= Your instructions =
Lower down are entries containing pictures. Copy exactly, without those pictures, the lines from the line with "Cable de alimentación" through the line with "Preparations underway at".

= Data for review =
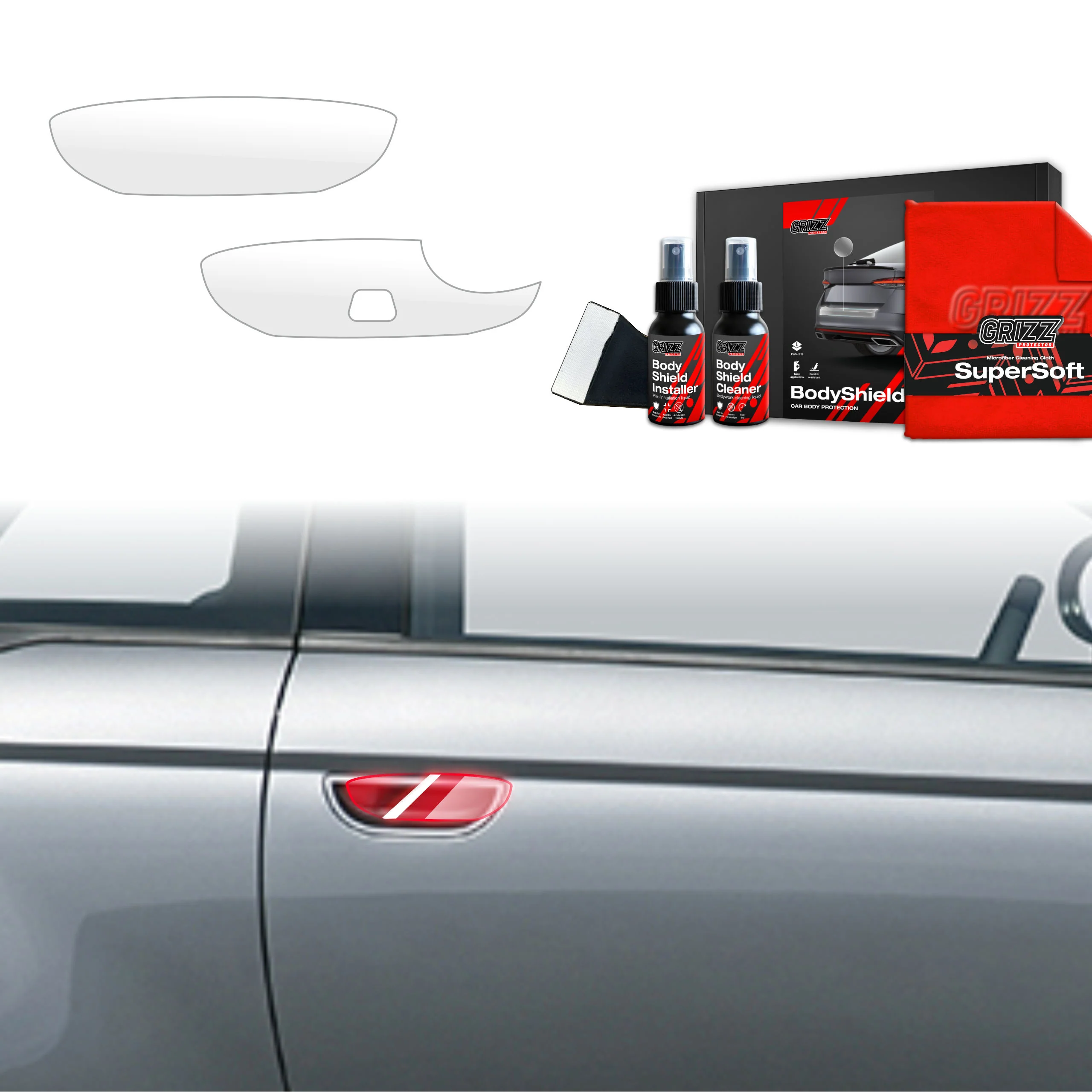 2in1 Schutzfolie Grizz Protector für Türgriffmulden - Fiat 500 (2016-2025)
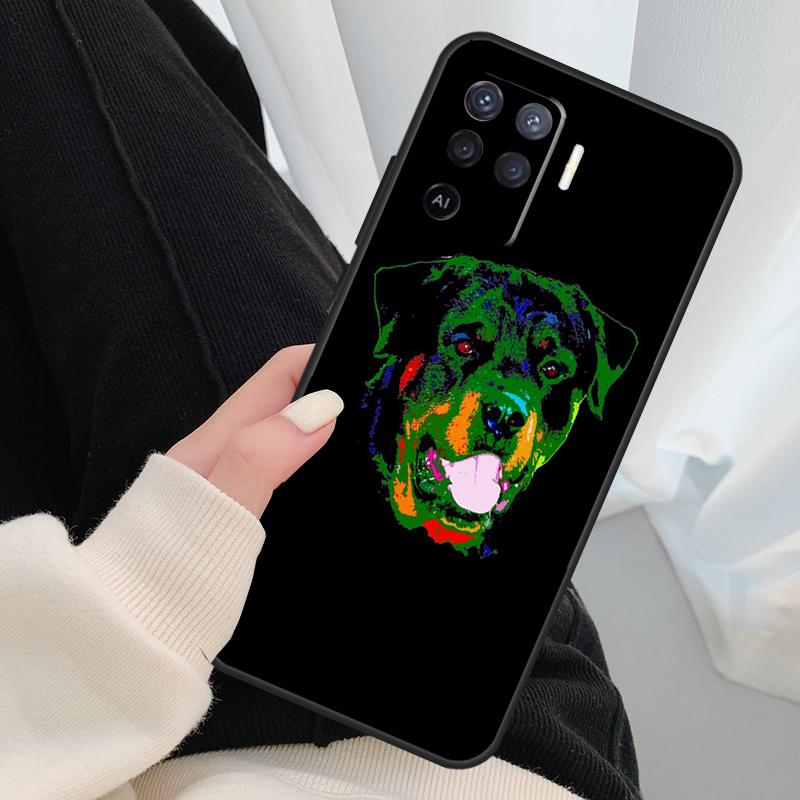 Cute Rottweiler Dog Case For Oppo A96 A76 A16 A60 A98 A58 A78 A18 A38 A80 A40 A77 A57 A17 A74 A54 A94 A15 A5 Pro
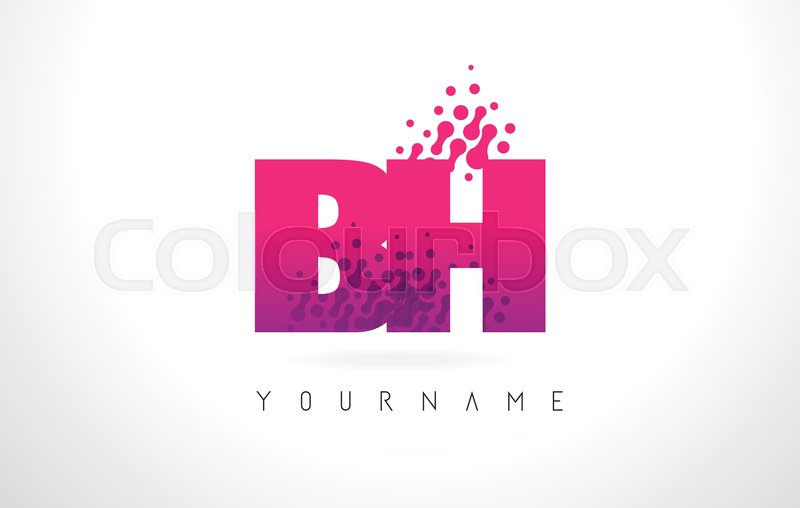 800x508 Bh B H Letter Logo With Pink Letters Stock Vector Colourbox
---
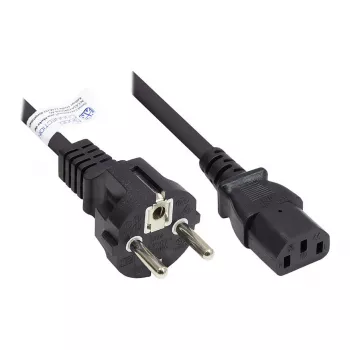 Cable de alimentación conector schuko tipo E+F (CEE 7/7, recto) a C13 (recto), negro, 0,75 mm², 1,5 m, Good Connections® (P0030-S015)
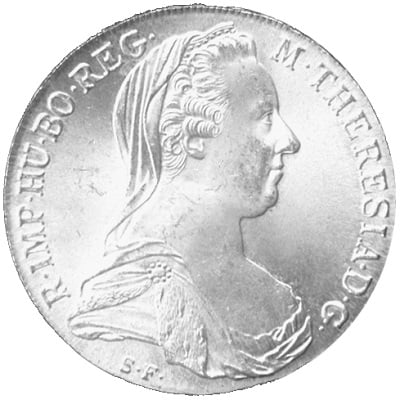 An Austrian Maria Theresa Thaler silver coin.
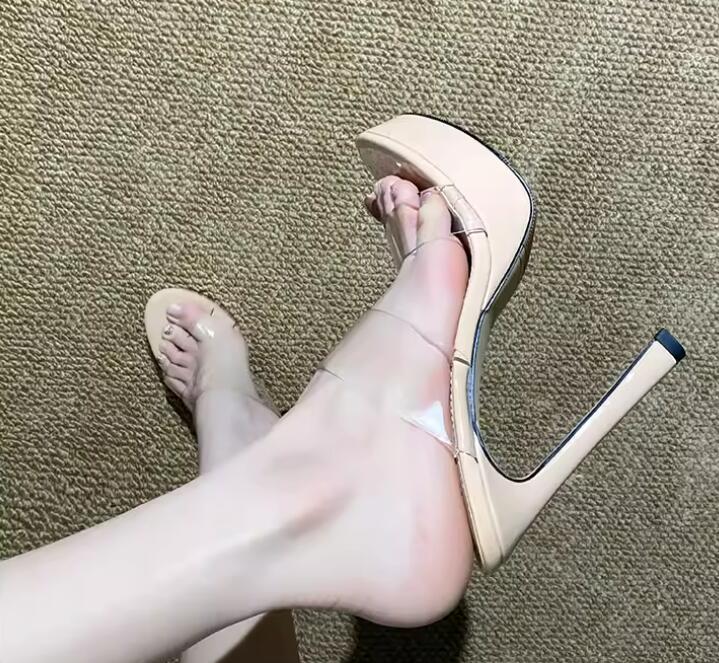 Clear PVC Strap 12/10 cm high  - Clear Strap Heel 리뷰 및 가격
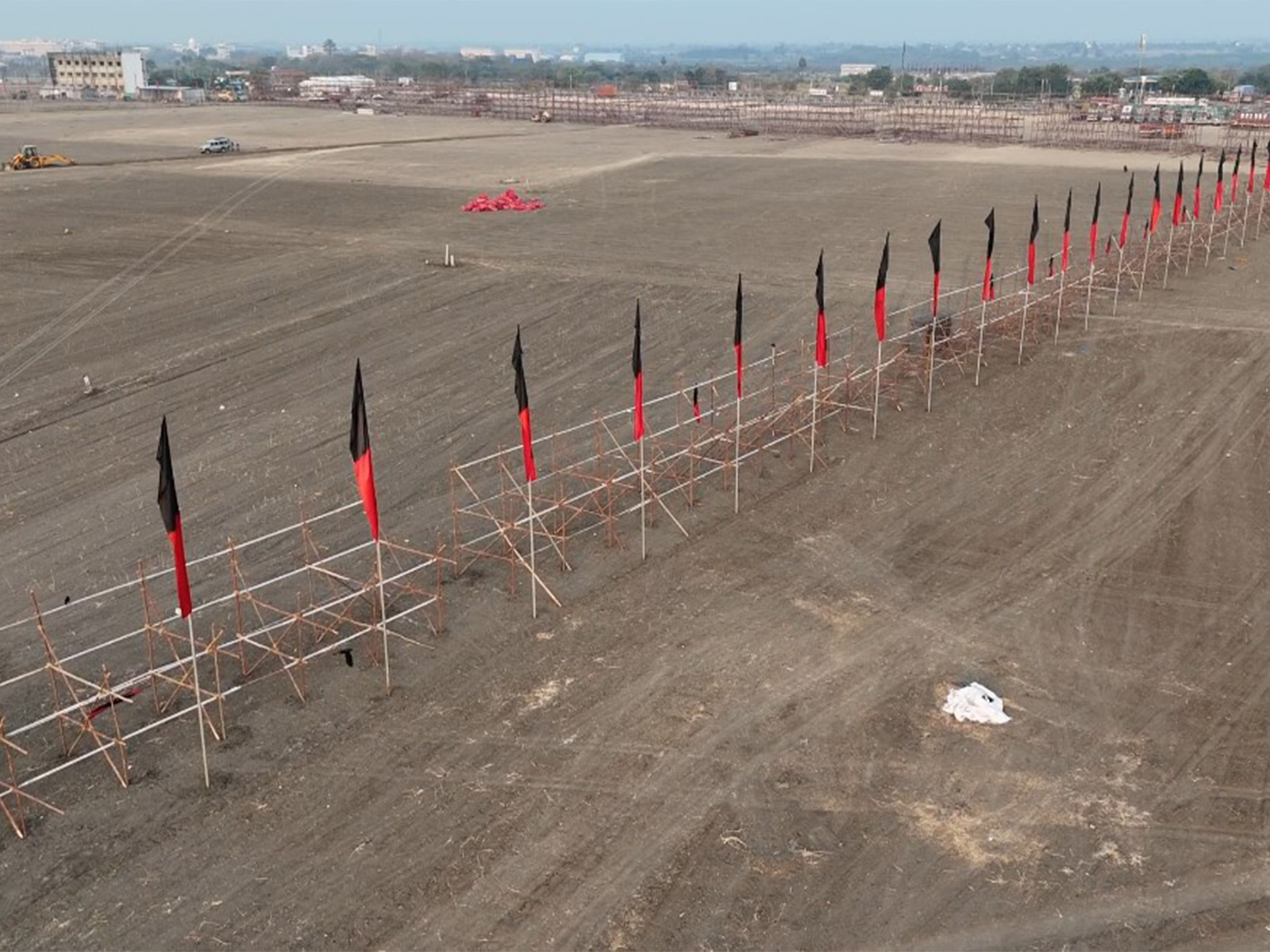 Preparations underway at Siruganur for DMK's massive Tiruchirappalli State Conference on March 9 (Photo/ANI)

= Exercise answer =
 Cable de alimentación conector schuko tipo E+F (CEE 7/7, recto) a C13 (recto), negro, 0,75 mm², 1,5 m, Good Connections® (P0030-S015)
 An Austrian Maria Theresa Thaler silver coin.
 Clear PVC Strap 12/10 cm high  - Clear Strap Heel 리뷰 및 가격
 Preparations underway at Siruganur for DMK's massive Tiruchirappalli State Conference on March 9 (Photo/ANI)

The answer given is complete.